Many of my fellow students were, just like myself, very fond of athletics and of other activities outside of the college curriculum, and yet we were enthusiastic students of Greek literature, of history and economics, of constitutional history of the United States, and of English literature. But here was the secret: Professor Merriam was a wonderful expounder of the great achievements of Greek civilization; Professor Monroe Smith made every one of us feel that history was an indispensable part of our daily life; Professor Richmond Mayo-Smith made us believe that political economy was one of the most important subjects in the world; and Professor Burgess’ lectures on the Constitutional History of the United States made us all imagine that we understood the spirit of 1776 just as well as Hamilton did. These professors were the great scholars of Columbia College when I was a student there, and they had most attractive personalities too. The personality of the professors, like that of the famous Van Amringe, and their learning, like that of the venerable President Barnard, were the best safeguards for students who showed a tendency to devote themselves too much to the worship of muscle and the fighting spirit, and of activities outside of the college curriculum. Fill your professorial chairs in colleges with men of broad learning, and of commanding personality, and do not worry about the alleged evil influences of athletics, and of other college activities outside of the recitation-room. That was the recommendation of trustee Rutherfurd forty years ago; to-day I add: the college needs great professors just as much as the various research departments of a university need them; perhaps even more.

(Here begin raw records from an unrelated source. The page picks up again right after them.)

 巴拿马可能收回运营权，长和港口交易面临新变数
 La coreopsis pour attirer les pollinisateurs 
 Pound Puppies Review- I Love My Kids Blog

Literary societies, college journalism, glee-club practice, and exercises in the dramatic art consumed, when I was a college student, just as much of the college student’s time as athletics did. They and athletics constituted the outside college activities. The recitation-room brought the student into touch with the personalities of the professors; college activities outside of the recitation-room, whether they were athletics or anything else, brought the student into touch with the personalities of his fellow students. Each one of these influences had, according to the experiences of my college life, its own great value, and contributed its distinct share to what is usually called the character-forming of the college student, but what Rutherfurd, the Columbia College trustee, called training in the principles of conduct becoming an American who is loyal to the best traditions of his country. Neither one nor the other influence can be weakened without crippling seriously that great object which trustee Rutherfurd called “the historical mission of the American college.”

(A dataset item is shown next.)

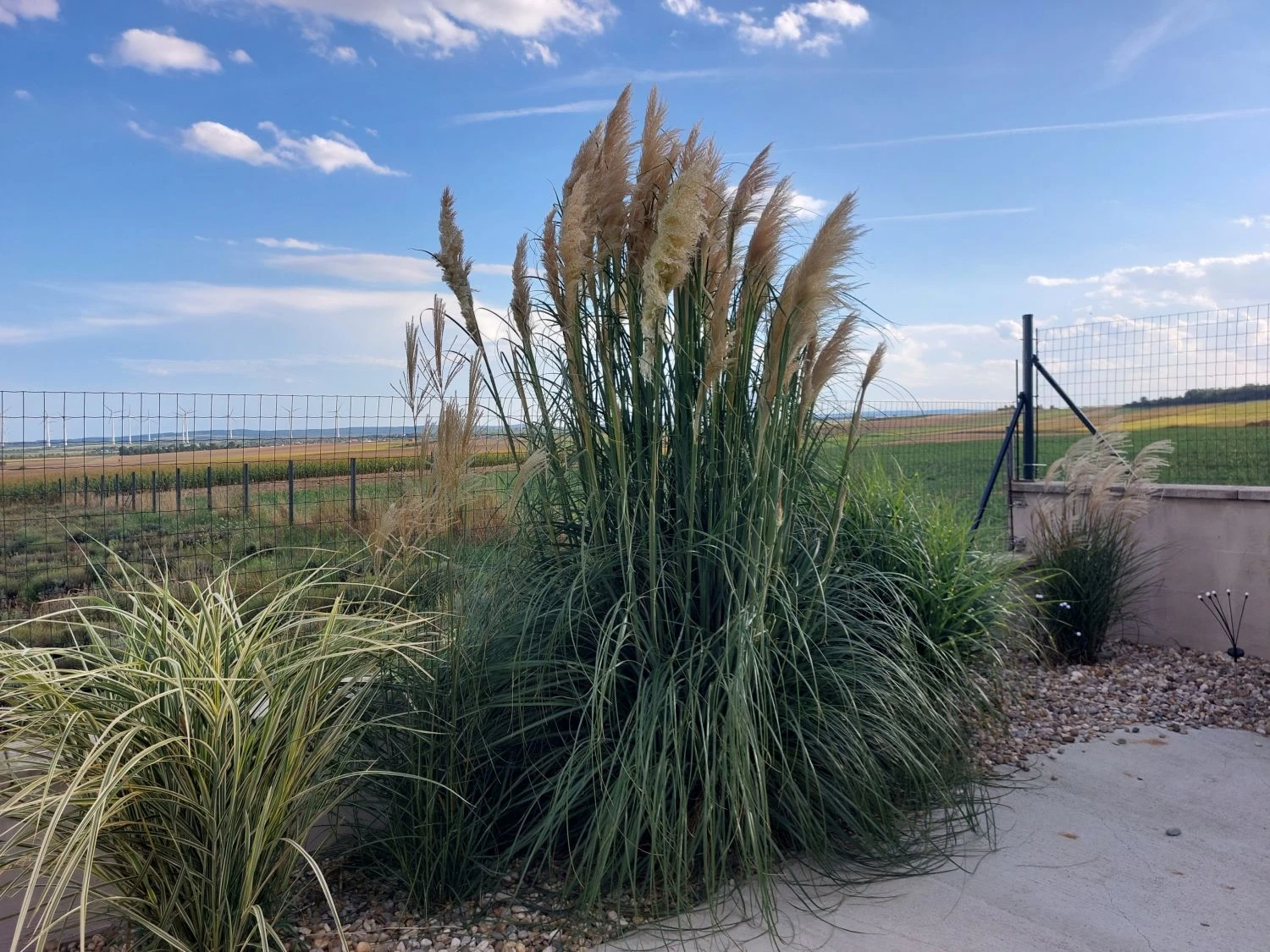 Kleines Pampasgras 'Pumila' 14 Kleines Pampasgras 'Pumila' – Bild 12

There was another educational activity which should be mentioned here. My regular attendance at Plymouth Church I considered one of my most important college activities outside of the recitation-room. Beecher’s sermons and Booth’s interpretations of Shakespeare were sources of stirring inspiration. They occupied a very high place among my spiritual guides. Beecher, Booth, and several other men of genius who were active in New York in those days were, as far as my college training was concerned, members of the Columbia College faculty. This is what I probably meant when I said to my friends at the Adelphi Academy that “Columbia College in the City of New York” was the port for which I was sailing and that Beecher’s church in Brooklyn was a component part of Columbia College. Taking college activities in this broader sense I always believed that the spiritual, intellectual, and artistic activities in the city of New York were component parts of Columbia College; they certainly contributed much to the fulness of my college life. I often wondered whether this was in the minds of those who framed the official name “Columbia College in the City of New York,” when the old name “King’s College” was abandoned in 1787.